A layer-by-layer assembly technique was used to alternate oppositely charged layers on the gold current collector to construct the electrode material. Poly(diallyldimethyl ammonium) chloride (PDDA) (4 mg/mL in 0.5 M NaCl) was adsorbed for 20 min to the gold surface to assemble a cationic polyion polymeric layer. Adsorption of each layer was followed by washing with DI water and drying with nitrogen. A negatively charged bGO (0.7 mg/ml in 10 mM phosphate buffer, pH 7.2) was then adsorbed for 30 min, followed by a positively charged myoglobin (3 mg/mL in 10 mM acetate buffer, pH 5.5) adsorbed for 30 min, and in this way, three layers of bGO were sandwiched between two layers of myoglobin, named as a bGO/Mb film.

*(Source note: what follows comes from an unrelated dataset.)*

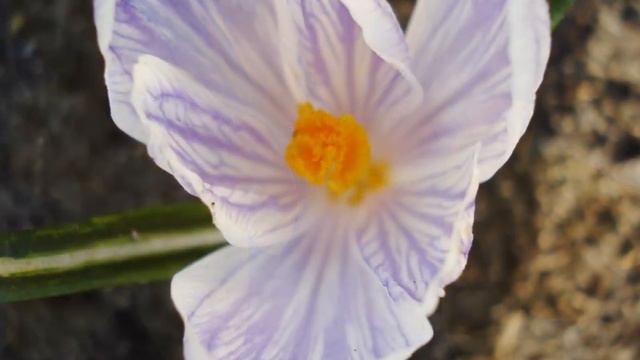 Золотые переливы....апрель в моем саду смотреть онлайн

Electrochemical reduction of the bGO/Mb film was then performed using amperometry at a constant potential of −1.2 V for 70 seconds in 10 mM acetate buffer, pH 5.5 in 0.5 M KBr, and the resulting film was named brGO/Mb. A pyrolytic graphite electrode in a three-electrode system was used for the selection of the best protein (Mb), the number of bilayers (three), and for characterizing the electrochemical reduction step.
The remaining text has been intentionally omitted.